Quantcast

District 202 approves $206.8 million 2020 property tax levy

12/16/2020, 3:35 p.m.
Thetimesweekly.com District 202 will ask the Will and Kendall County clerks for $206,805,665 in local property taxes (including bond and ...

Thetimesweekly.com

District 202 will ask the Will and Kendall County clerks for $206,805,665 in local property taxes (including bond and interest) through the district’s 2020 levy – about $5.1 million or 2.5 percent more than last year’s levy.

The District 202 Board of Education approved the new levy at its December 14, 2020 regular meeting.

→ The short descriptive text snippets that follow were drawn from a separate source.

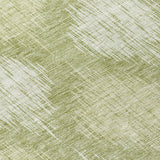 addison chantille acn849 aloe rug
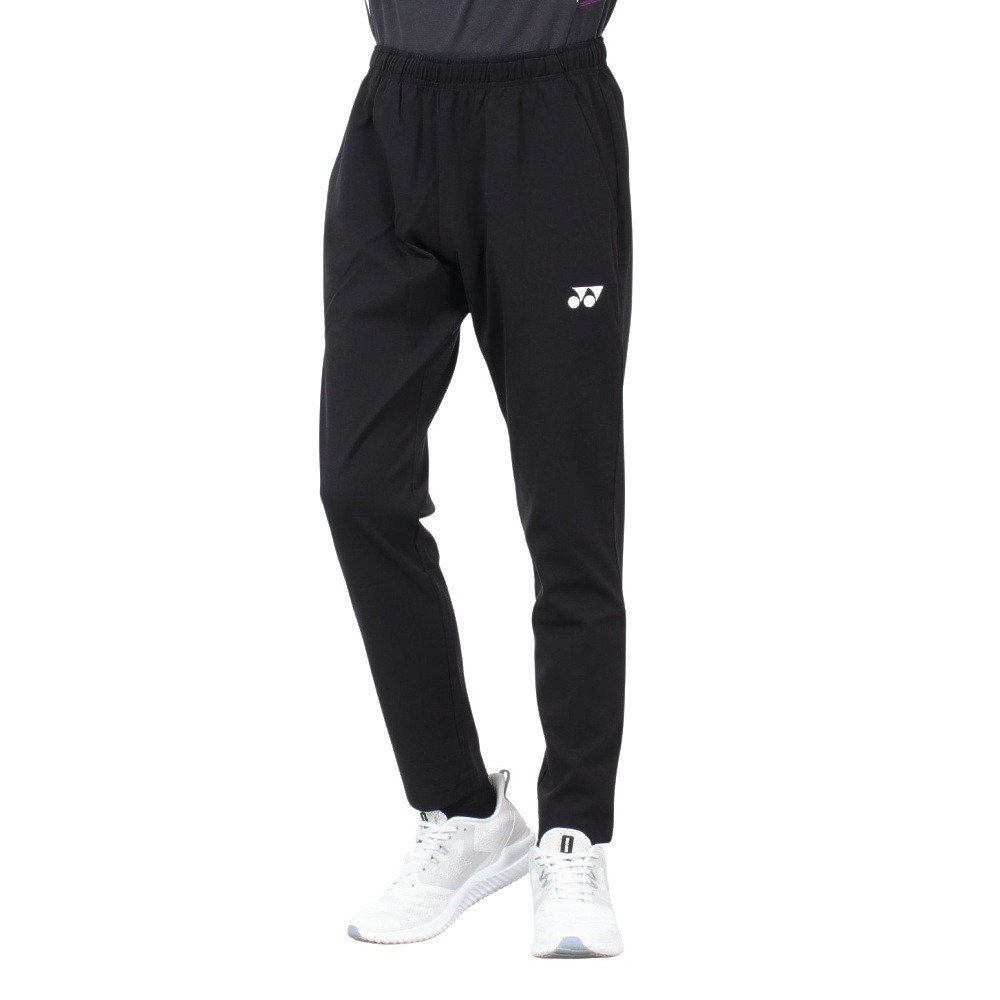 ヨネックス（YONEX）（メンズ）テニスウェア トレーニングパンツ
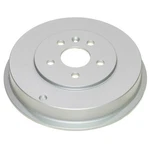 Powerstop Brake Drum For Chevrolet Cruze Limited, AD8240P. Fixed Price $80.55.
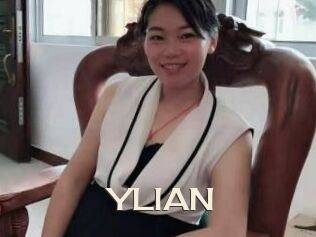 YLIAN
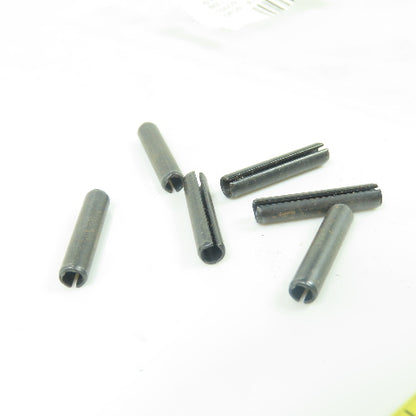 Signode 424306 Roll Pin Lot Of 6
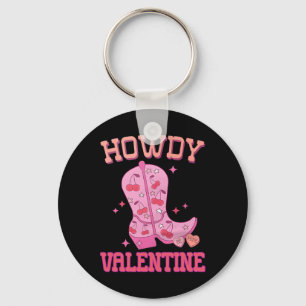 Hallo Valentins Disco Stiefel Kokette Schleife Gro Schlüsselanhänger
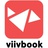 viivbook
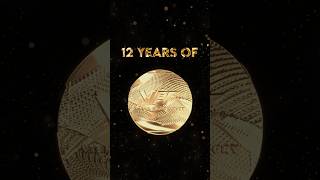 Celebrating 12 Years Of Legacy And Cinematic Impact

District officials expect the district’s total tax rate to fall from $5.35 per $100 of equalized assessed value (EAV) this year, to about $5.26 per $100 of EAV thanks to rising property values, and conservative budgeting.

This will be the sixth straight year the district’s anticipated tax rate is expected to drop. The district’s tax rate has fallen 16 percent since 2014-15 when it reached $6.26.

The actual tax rate cannot be determined until after the district’s EAV is finalized early next year.

The tax levy is the school district’s official request for its share of local property taxes. The tax extension is the amount of local taxes the district receives from the counties it serves. The official extension will be calculated after the district’s final equalized assessed value is set next April.

The approved 2020 levy request is about 5 percent higher than the 2019 extension of $196.9 million (including bond and interest).

Although the approved 2020 levy is 5 percent higher than last year’s extension, district officials expect this year’s actual tax extension to be only about 2.3 percent higher than last year’s extension.

Governments routinely request more money than is needed to ensure that they capture their full share of taxes. This process is called a “balloon levy.” If governments ask for less than what they ultimately are due, they lose any funds greater than what was requested.

The state tax cap law limits the amount of new revenues the district can levy each year to either the Consumer Price Index (CPI) or 5 percent, whichever is less. For the 2020 levy, the CPI will be 2.3 percent.

Therefore, when the levy process is complete District 202 will be able to increase its local property tax revenues by only 2.3 percent (plus the value of new construction). New property values can fluctuate between now and when final numbers are received. In addition, the economy continues to show signs of slow improvement.

Of the total amount of the approved 2020 levy, about $177.7 million, or about 86 percent will go to the districts’ operating funds -- Education, Operations and Maintenance, Transportation, Working Cash, Illinois Municipal Employees Retirement Fund, Special Education and Tort.